The Co-free filtrate (340 Lt) containing 3.31 g/L of lithium was agitated by adding saturated solution of sodium carbonate (27.9 Lt) at 90 °C for 4 h. The precipitated lithium carbonate in the slurry was cooled to room temperature, filtered, washed and dried at 110 °C for 2 h to get 6.83 Kg of lithium carbonate (purity 99.7%). The chemical analysis of the lithium carbonate is presented in Table 5 a.

Table 5a: Chemical analysis of Lithium carbonate

Elements Li Mn Co Cu Al Fe

% 18.68 BDL 0.1 BDL BDL BDL

Claims

CLAIMS We claim:

1. A process for recovering valuable metals from spent lithium ion batteries comprising the steps of:

a) shredding the lithium ion batteries into particles of a preferable size, in water, with water level well above the batteries being shredded to obtain a slurry along with shredded plastic and Teflon matrix;

b) removing the plastic and Teflon matrix that floats on the water in step a);

c) wet screening of the slurry obtained in step a) through sieve of at least thirty mesh size to separate particles of varying sizes, wherein the coarser particles including copper foils, aluminum casing and protection circuit modules are retained and a primary slurry containing mixture of metals including cobalt, manganese, lithium, copper and aluminum are aggregated;

d) filtering the primary slurry obtained in step c) through a filter press to obtain a wash liquor and a residue containing cobalt, manganese, lithium, copper and aluminum;

e) drying the residue of step d) to obtain a dry cake;

f) preparing a secondary slurry by mixing the dry cake of step e) with water followed by addition of sulphuric acid under agitation at a temperature ranging from 70-80 °C for 3-4 hours;

g) filtering the secondary slurry of step f) through a filter press to obtain a graphite rich residue and a leach liquor;

h) treating the leach liquor of step g) with sodium hypochlorite solution under agitation at a pH range 1.0-2.0 and a temperature ranging from 40-60°C for 4-5 hours;

i) washing and filtering the leach liquor of step h) to obtain pure manganese dioxide and filtrate; j) treating the filtrate of step i) with 30% sodium hydroxide solution under agitation at a pH range 4.0-5.0 for 1-2 hours to obtain a aluminum hydroxide precipitate and filtrate;

k) treating the filtrate obtained in step j) with 30% sodium hydroxide solution under agitation at a pH range 5.2-5.7 for 1-2 hours to obtain copper hydroxide precipitate and filtrate;

1) treating the filtrate obtained in step k) with 30% sodium carbonate solution under agitation at a pH range 8.5-9.0 for 2 hours to obtain cobalt carbonate precipitate and filtrate;

m) washing and drying the cobalt carbonate precipitate followed by roasting at a temperature range 850-900 °C to obtain pure cobalt oxide;

n) treating the filtrate obtained in step 1) with saturated solution of sodium carbonate under agitation at a temperature ranging from 90-100°C for 4 hours to obtain lithium carbonate precipitate and filtrate; and

o) washing and drying the lithium carbonate precipitate at a temperature ranging from 110-115 °C for 2 hours to obtain pure lithium carbonate.

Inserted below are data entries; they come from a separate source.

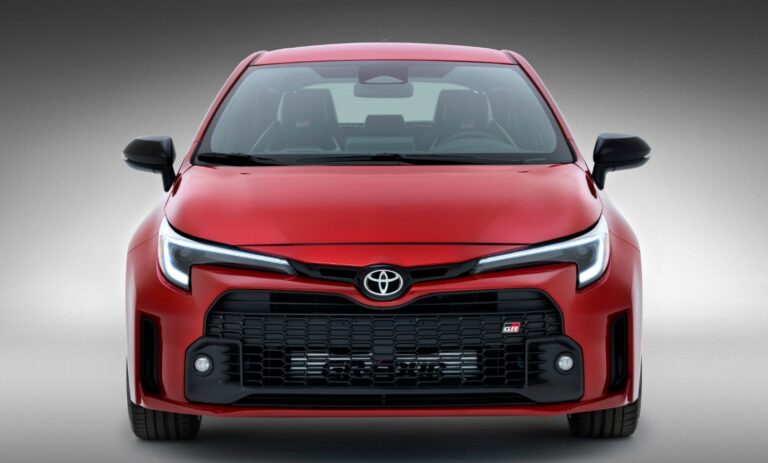 2025 Toyota Corolla iM Price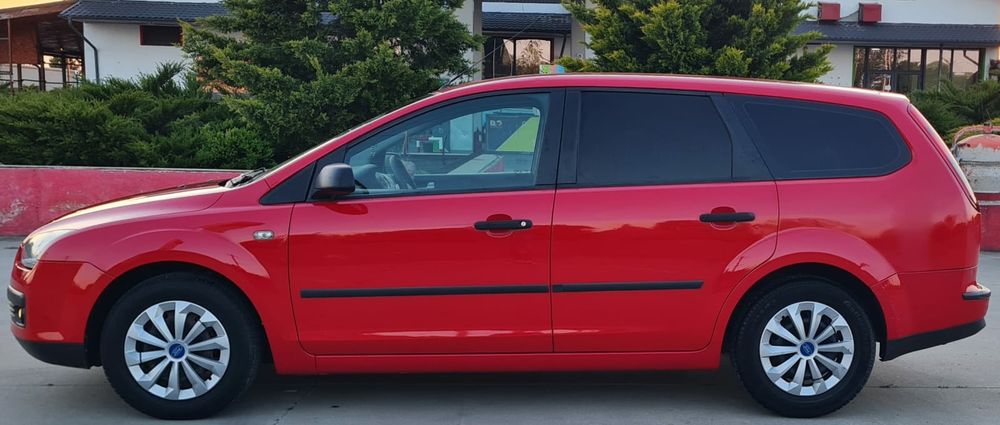 Ford Focus 1.6 Diesel 2006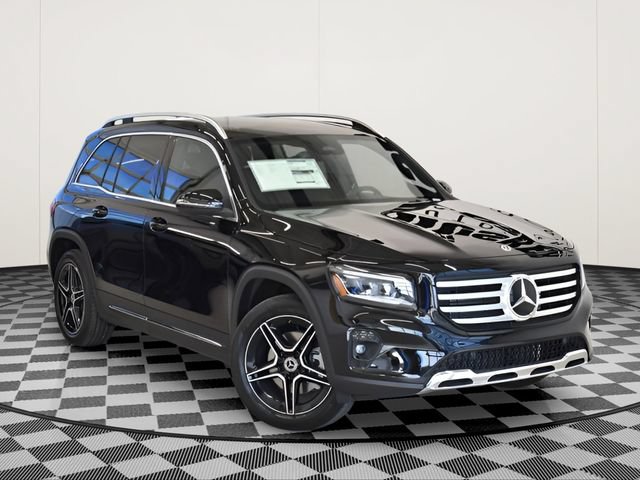 New 2026 Mercedes-Benz GLB 250 4MATIC image 1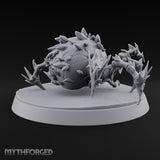 Frostbitten Weaver Giant Spider A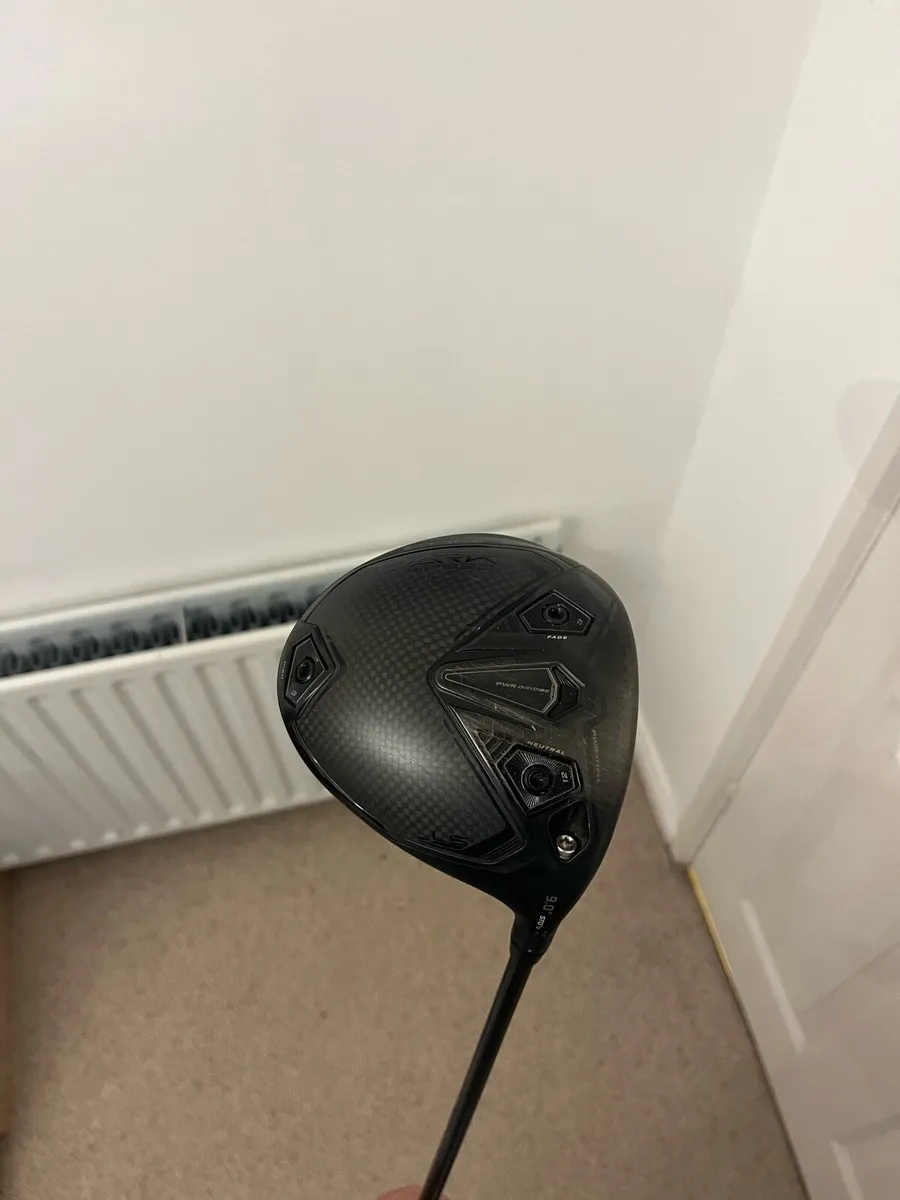 Cobra Darkspeed LS - X stiff - Image 1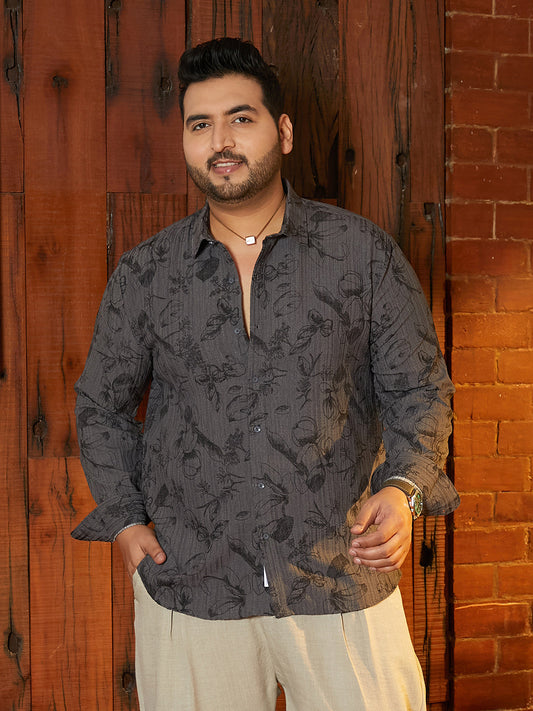 Bloomline-Tactile Shirt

The process for recovering metals of value as claimed in claim 1, wherein the preferable size of particles obtained through shredding is 600 micron.

The process for recovering metals of value as claimed in claim 1, wherein the coarser pieces of step c) are processed using magnetic separator to segregate magnetic part comprising protection circuit module from non magnetic part comprising copper and aluminum.

4. The process for recovering metals of value as claimed in claim 1, wherein the cobalt oxide obtained in step m) has purity of 96.1% with cobalt content of more than 72%.

5. The process for recovering metals of value as claimed in claim 1, wherein the cobalt oxide obtained in step m) has metal impurity level below 2%.

6. The process for recovering metals of value as claimed in claim 1, wherein the lithium carbonate obtained in step o) has purity of 99.7% with lithium content of more than 18.5%.

7. The process for recovering metals of value as claimed in claim 1, wherein the lithium carbonate obtained in step o) has metal impurity level below 0.3%.